# A winter bean exchange! ?



## catpuccino (Jan 5, 2019)

I saw this idea on Reddit and thought it would be good to steal.

Would anyone be interested in joining a "bean exchange"? Many of us live near to roasters and/or many of us have favourite roasters.

The idea is to be paired at random with another forum member and send each other 1 x 250g of our choosing. Ideally something that showcases what's happening in your area (e.g. in my case I might chose to send something from one of Edinburgh's roasters) or just a favourite roaster, origin, etc that you think someone else would like to experience.

Seems a fun thing to do, and a way to pick up a bag of coffee we might not otherwise do. If we can support some small businesses along the way, even better.

My simple proposal for how it would work is:



Comment below between now and Sunday December 15th 8pm saying you're in


I'll randomly pair members after that date


Paired members can then PM each other to exchange postal details to keep things nice and private


Maximum spend of ~ 1 x 250g bag + p&p


Aim for all bags to be delivered by the end of December


The only caveat I'd suggest is that for it to be worthwhile I'd hope to get minimum 8-10 people involved?


----------



## Fez (Dec 31, 2018)

I'm up for this


----------



## Jason11 (Oct 25, 2019)

I'd be up for it.

Although I'm pretty new to the coffee world so whoever gets paired with me.....unlucky !


----------



## catpuccino (Jan 5, 2019)

That's 3 of us. Who else is up for it? ?


----------



## aaronb (Nov 16, 2012)

This idea exists. It's called Third Wave Wichteln. They've been doing it for years.

Not saying don't do your own, but it's far from Reddit's idea.


----------



## ashcroc (Oct 28, 2016)

aaronb said:


> This idea exists. It's called Third Wave Wichteln. They've been doing it for years.
> 
> Not saying don't do your own, but it's far from Reddit's idea.


Think this year's Wichteln has been delayed until the new year to try & avoid coffee getting delayed/lost in the Christmas post. Had a very nice microlot last year but nothing the year before.


----------



## catpuccino (Jan 5, 2019)

aaronb said:


> This idea exists. It's called Third Wave Wichteln. They've been doing it for years.
> 
> Not saying don't do your own, but it's far from Reddit's idea.


 Never seen that before, looks great. I was being glib when I said Reddit's idea, but specifically r/espresso are doing one this year which is what I saw.


----------



## J_Fo (Dec 24, 2017)

It's a bit too tricky for me to get onboard this month but I'd definitely be up for it in the future.


----------



## aaronb (Nov 16, 2012)

ashcroc said:


> Think this year's Wichteln has been delayed until the new year to try & avoid coffee getting delayed/lost in the Christmas post.
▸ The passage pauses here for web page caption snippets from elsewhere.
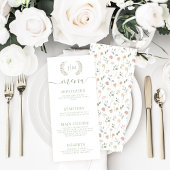 Elegante Pastel Bloemen Botanische bruiloft Menu K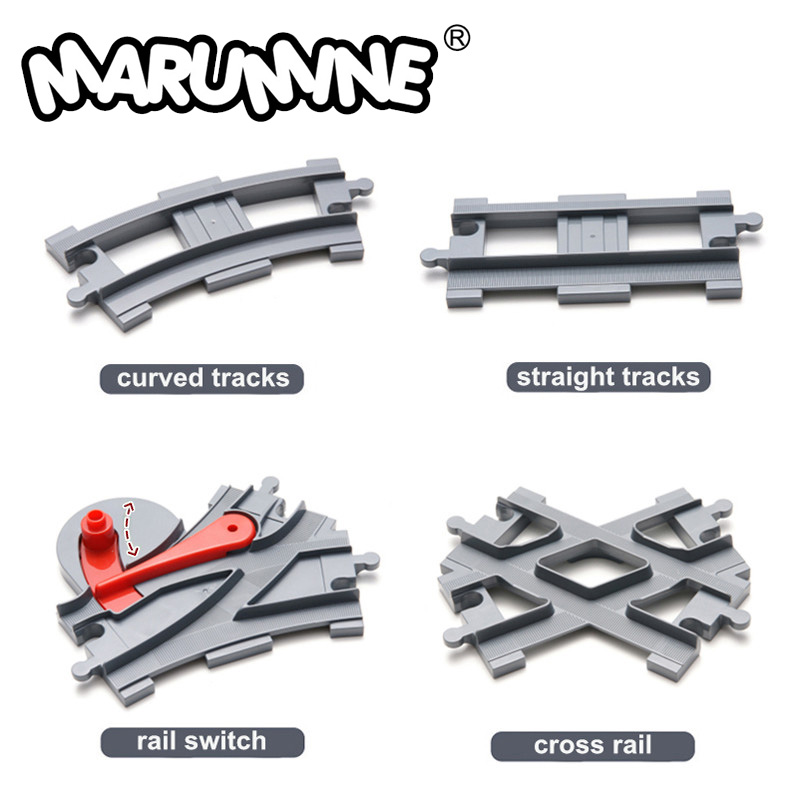 Toy Train Track Set - マルミネ クラシック鉄道線路 ビッグサイズ MOCブロック クロスオーバーパーツ 鉄道スイッチ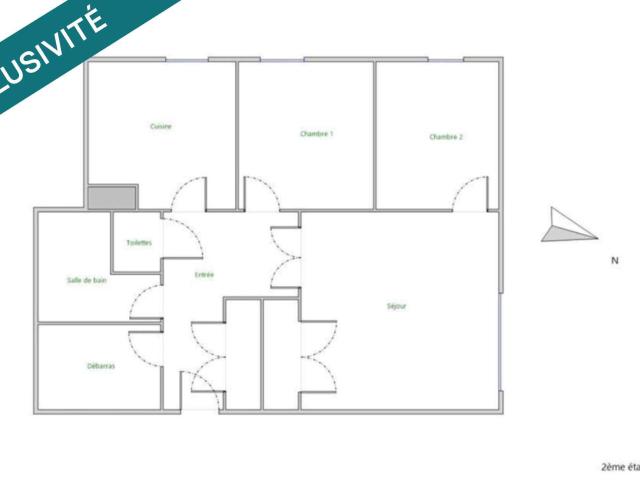 Vente appartement 3 pièces Nantes Bellevue 44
Had a very nice microlot last year but nothing the year before.


 That's a shame but makes sense based on all the issues that got posted to the group. I got nothing last year and never saw a post about what I sent arriving, but successful both ways for the few years before that so wont let it put me off.


----------



## steveholt (Jan 6, 2016)

I'm in - even though I am not here as much as before, I do like sending and receiving post.


----------



## Jackabb (Nov 6, 2018)

Put my name down.

Sounds like a great idea

Sent from my SM-G950F using Tapatalk


----------



## ratty (Sep 22, 2019)

I'd like to be considered too!

I would like to be able to travel to a roaster and pick up beans but I haven't found anywhere yet in the Coventry area. I think Leamington Spa is about the nearest and that's about as far from me as Birmingham is, (20 odd miles!)

It doesn't seem quite right ordering online, any thoughts?


----------



## filthynines (May 2, 2016)

ratty said:


> I'd like to be considered too!
> 
> I would like to be able to travel to a roaster and pick up beans but I haven't found anywhere yet in the Coventry area. I think Leamington Spa is about the nearest and that's about as far from me as Birmingham is, (20 odd miles!)
> 
> It doesn't seem quite right ordering online, any thoughts?


 Bean and Leaf in Coventry City Centre. Some decent stuff there.


----------



## Cooffe (Mar 7, 2019)

filthynines said:


> Bean and Leaf in Coventry City Centre. Some decent stuff there.


 I thought that they stocked Caravan Coffee? Surely the idea of this is to get coffee from a local roaster. West Midlands I can think of Quarter Horse & Yorks (wasn't too impressed with theirs though)


----------



## ratty (Sep 22, 2019)

Will keep on looking.

Apparently there's a coffee shop in Coventry market, "Ed's Coffee Shop".

Never been there and don't know the set up. Think they're in Brum too?

Guees they don't roast on Cov Market!


----------



## catpuccino (Jan 5, 2019)

ratty said:


> I'd like to be considered too!
> 
> I would like to be able to travel to a roaster and pick up beans but I haven't found anywhere yet in the Coventry area. I think Leamington Spa is about the nearest and that's about as far from me as Birmingham is, (20 odd miles!)
> 
> It doesn't seem quite right ordering online, any thoughts?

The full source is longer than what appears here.